Get the tuning stuff from Scott and look in the folder that applies to trans. You'll find what you need on which way it goes in there. Sorry to see it. Not very common, but it does happen.
 


I did pull it out today and look at it for damage. I mightve pulled it out the other day. I dont remember, especially with this heat. I know its installed correctly for sure now, recessed side against the parking gear.

Swapped pins and my diff is back in now. Only think is when i slide the cover on, i have to push to get it to sit flush with the case. The output shalf is pushing outwards towards me as I push in on the locked in place diff. is this normal?
 
Can be.. if the output shaft isn't locked in yet. I typically would have both cv's removed, the output shaft would be sticking out drivers side a little, put diff in, cover on. bolted down then tap the output shaft in and all is good. Couple cv's and done.
 
With no cover on and with the differential locked in place, as i push in on the differential, it pushes the output shaft. which i found is pushing on the drivers axle.

Put everything back together. Went a quarter mile and sounded almost like a loud clunk and it started making the noise again. Im i doing something wrong??????

With no diff in, I:
1. Slide the diff onto the output shaft
2. It gives a little resistance(lock ring?) as I push it on and line up the planet gears. But it snaps into place.
3. Make sure the magnetic looking washer and circle slide bearing thing are on the end of the diff.
4. Slide the diff cover on. Make sure the end of the diff sits in the needle bearing.
5. Align the cover up and finger screw in the 4 bolts(aligning the power steering bracket)
6. I have to push the cover a 1/4in against the case so its flush and tighten the 4 bolts in a cross pattern.
 
Are you going back and seating the output shaft into the diff? If you just push it in.. usually it'll not click in properly.
 
Yes I can see the clip on the output shaft once the diff is fully inserted.

I pulled the parking paw out and found this:

IMG_20180704_203937_zpseoc2ppyt.jpg
 


Is that the bearing that sits behind the pawl? Looks taller than I remember, I thought there was just one thin bearing back there that could easily pull forward and end up not allowing the cover to close. But you'd know it if that happens because it wouldn't want to go together...usually results in broken cover when trying to force it
 
Is that the bearing that sits behind the pawl? Looks taller than I remember, I thought there was just one thin bearing back there that could easily pull forward and end up not allowing the cover to close. But you'd know it if that happens because it wouldn't want to go together...usually results in broken cover when trying to force it

Yes, parking gear. It sort of sits in it. Im assuming it fell the first time i had it apart.
I was able to find a new one locally. Installed everything again and went to put the cover on but it still wouldnt sit flush. So long story short, i gave the output shaft a nice tap and the cover then fit! But taking it for a ride, it still makes a whole lotta noise.

The diff in there now is my original but it has a few teeth that were nicked that i took the edge off with a file. It makes alot of noise just spinning the tire with my hand. I just pulled the VSS out and it have a tooth on it and very fine shavings. Last time I had the ring gear apart, it looked fine, shiny spot or too but no damage. Im not sure what to do at this point.
 
A few chipped gear teeth are not going to make noise, provided you removed/cleaned all the debris from the gears. If more debris ends up in the gear teeth, it is a domino effect, and that can make a horrible noise. But if the gears are clean and no more debris ends up in them, and you rounded the sharp edges nicely, should be no noise (this is how I had to repair my differential). Was this component HOSPITAL clean when you assembled it?
 


I did go through the gears on the differential with a file and then sprayed it down with parts cleaner. I also went through each ring gear tooth with a flat head screw driver. Most of the debris ended up on the inside side/lip of the ring gear. In which I made sure i got all out.

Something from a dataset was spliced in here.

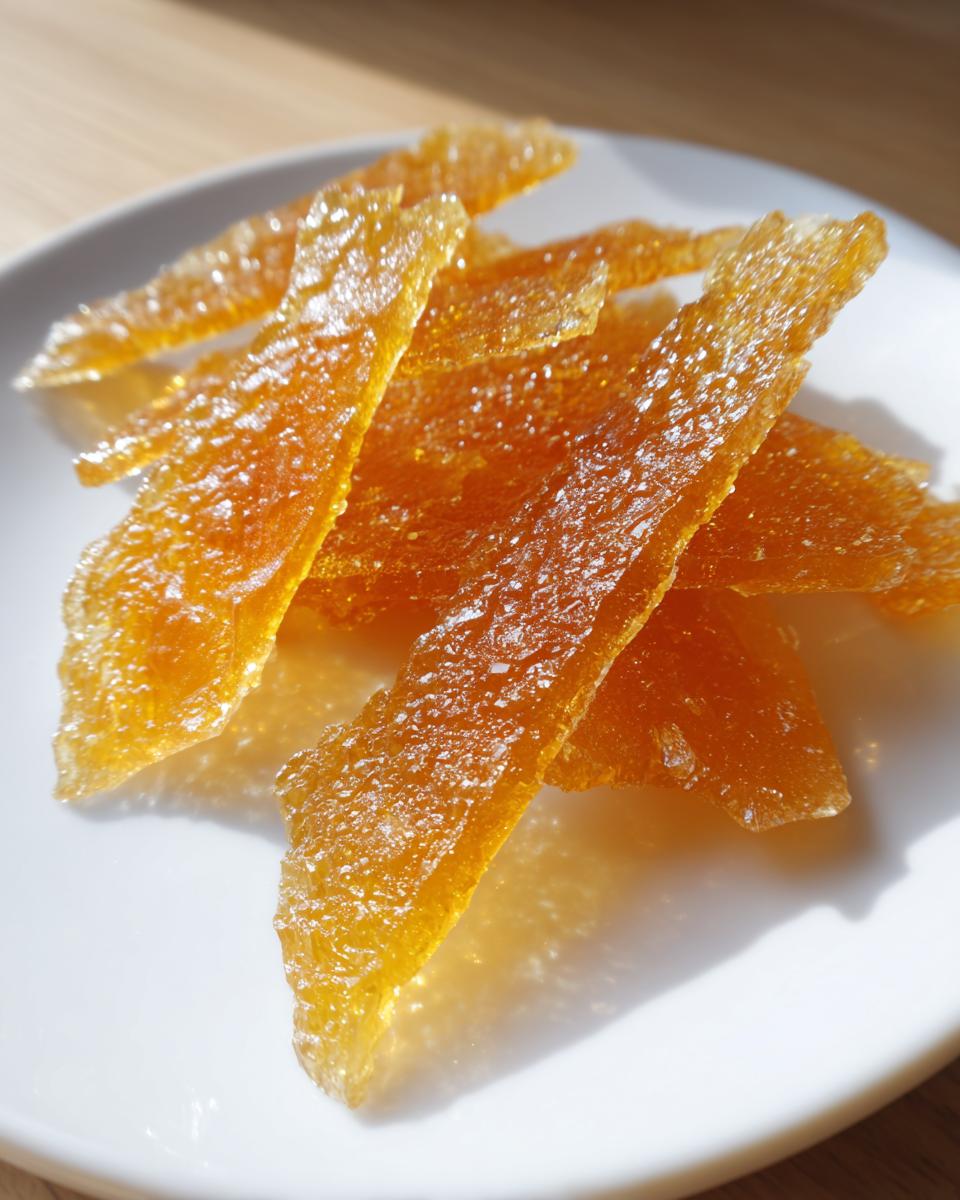 Close-up of translucent golden candy pieces on a white plate, homemade candy recipes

Is it possible that when i jack it up, tipping all/most of the fluid towards the drivers side, that theres debris flowing that way too that I end up missing?
 
Definately. Also any debris that happened before you found it would get washed into the pan. The filter will keep it from being picked up, but it'll be either in the filter or pan.
 
Definately. Also any debris that happened before you found it would get washed into the pan. The filter will keep it from being picked up, but it'll be either in the filter or pan.

Update:

I ended up dropping the pan & draining out all of the fluid. Inside of the filter was clean but the magnet on the bottom of the pan was mostly full of very fine shavings.

Ended up finding a local place here that basically parts out motors & transmissions. So for $45 I picked up an entire 34 tooth HD final drive assembly(diff,output shaft, ring gear, parking gear, etc). The guy there said a lot of people break our differentials spinning in the snow lol. And they actually have an online store.

Installing it, i did have to give the output shaft a tap inward to be able to put the differential cover and have it sit flush. This still does not make sense to me why.
But I used assembly grease on everything, and after 100 miles now, everything seems to be alright.

~$200 to fix a 39 cent roll pin :th_eyesrolling:

Thank you to BillBoost and everyone for the help !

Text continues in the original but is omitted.